Problem to solve | Once the line containing "Luxury Suite | Living area" is found, copy it and each subsequent line exactly. Stop at the end of the records below.
=== Begin Enclosure ===
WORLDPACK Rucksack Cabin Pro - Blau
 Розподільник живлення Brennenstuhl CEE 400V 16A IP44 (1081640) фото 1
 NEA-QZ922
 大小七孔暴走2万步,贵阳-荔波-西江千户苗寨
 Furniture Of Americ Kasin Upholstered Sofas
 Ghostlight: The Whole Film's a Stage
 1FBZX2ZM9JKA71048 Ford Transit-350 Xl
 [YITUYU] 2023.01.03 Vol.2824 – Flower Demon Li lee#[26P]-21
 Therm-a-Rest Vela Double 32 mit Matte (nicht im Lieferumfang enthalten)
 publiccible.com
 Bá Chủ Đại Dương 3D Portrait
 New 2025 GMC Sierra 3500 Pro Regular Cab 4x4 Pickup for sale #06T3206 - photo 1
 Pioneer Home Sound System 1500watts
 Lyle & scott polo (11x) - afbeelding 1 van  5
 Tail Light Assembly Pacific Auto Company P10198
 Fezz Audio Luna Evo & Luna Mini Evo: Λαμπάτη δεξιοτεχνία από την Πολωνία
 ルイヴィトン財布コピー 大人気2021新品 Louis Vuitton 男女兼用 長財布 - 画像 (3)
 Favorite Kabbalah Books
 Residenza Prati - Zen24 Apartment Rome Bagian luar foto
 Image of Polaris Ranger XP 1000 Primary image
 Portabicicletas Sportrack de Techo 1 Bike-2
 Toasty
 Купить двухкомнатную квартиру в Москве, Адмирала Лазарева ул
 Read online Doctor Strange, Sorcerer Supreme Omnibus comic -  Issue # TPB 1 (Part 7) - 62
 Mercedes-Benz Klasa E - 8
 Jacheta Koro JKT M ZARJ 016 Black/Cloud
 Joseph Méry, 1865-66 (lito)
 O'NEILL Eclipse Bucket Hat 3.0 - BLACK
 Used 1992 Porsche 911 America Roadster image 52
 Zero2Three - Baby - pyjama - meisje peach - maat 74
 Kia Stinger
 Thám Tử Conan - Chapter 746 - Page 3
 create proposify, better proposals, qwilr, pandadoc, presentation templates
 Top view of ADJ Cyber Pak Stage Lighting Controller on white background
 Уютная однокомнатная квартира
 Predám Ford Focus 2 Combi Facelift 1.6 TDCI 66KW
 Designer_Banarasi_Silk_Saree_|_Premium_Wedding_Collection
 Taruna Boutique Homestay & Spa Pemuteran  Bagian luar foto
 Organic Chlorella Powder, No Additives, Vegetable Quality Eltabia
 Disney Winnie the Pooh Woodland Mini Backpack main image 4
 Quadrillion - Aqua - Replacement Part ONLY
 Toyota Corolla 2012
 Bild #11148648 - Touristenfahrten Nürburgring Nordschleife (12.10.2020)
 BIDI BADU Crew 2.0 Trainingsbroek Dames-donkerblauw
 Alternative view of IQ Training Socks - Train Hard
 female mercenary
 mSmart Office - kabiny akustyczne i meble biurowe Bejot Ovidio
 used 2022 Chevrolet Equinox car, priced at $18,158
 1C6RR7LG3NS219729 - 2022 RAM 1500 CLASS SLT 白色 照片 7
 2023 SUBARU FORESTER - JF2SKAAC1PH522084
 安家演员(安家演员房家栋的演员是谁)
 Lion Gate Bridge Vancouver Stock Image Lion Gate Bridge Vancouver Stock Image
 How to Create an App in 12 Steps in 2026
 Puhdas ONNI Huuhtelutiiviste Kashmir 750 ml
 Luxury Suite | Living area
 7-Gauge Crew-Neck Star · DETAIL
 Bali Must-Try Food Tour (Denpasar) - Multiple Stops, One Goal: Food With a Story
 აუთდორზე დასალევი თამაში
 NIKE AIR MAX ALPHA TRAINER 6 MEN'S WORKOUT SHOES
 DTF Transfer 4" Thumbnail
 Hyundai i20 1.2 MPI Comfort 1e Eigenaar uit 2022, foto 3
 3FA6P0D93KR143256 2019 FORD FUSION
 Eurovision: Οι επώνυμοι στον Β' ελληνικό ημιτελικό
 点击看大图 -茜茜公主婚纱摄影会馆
=== End Enclosure ===
Solution below |
 Luxury Suite | Living area
 7-Gauge Crew-Neck Star · DETAIL
 Bali Must-Try Food Tour (Denpasar) - Multiple Stops, One Goal: Food With a Story
 აუთდორზე დასალევი თამაში
 NIKE AIR MAX ALPHA TRAINER 6 MEN'S WORKOUT SHOES
 DTF Transfer 4" Thumbnail
 Hyundai i20 1.2 MPI Comfort 1e Eigenaar uit 2022, foto 3
 3FA6P0D93KR143256 2019 FORD FUSION
 Eurovision: Οι επώνυμοι στον Β' ελληνικό ημιτελικό
 点击看大图 -茜茜公主婚纱摄影会馆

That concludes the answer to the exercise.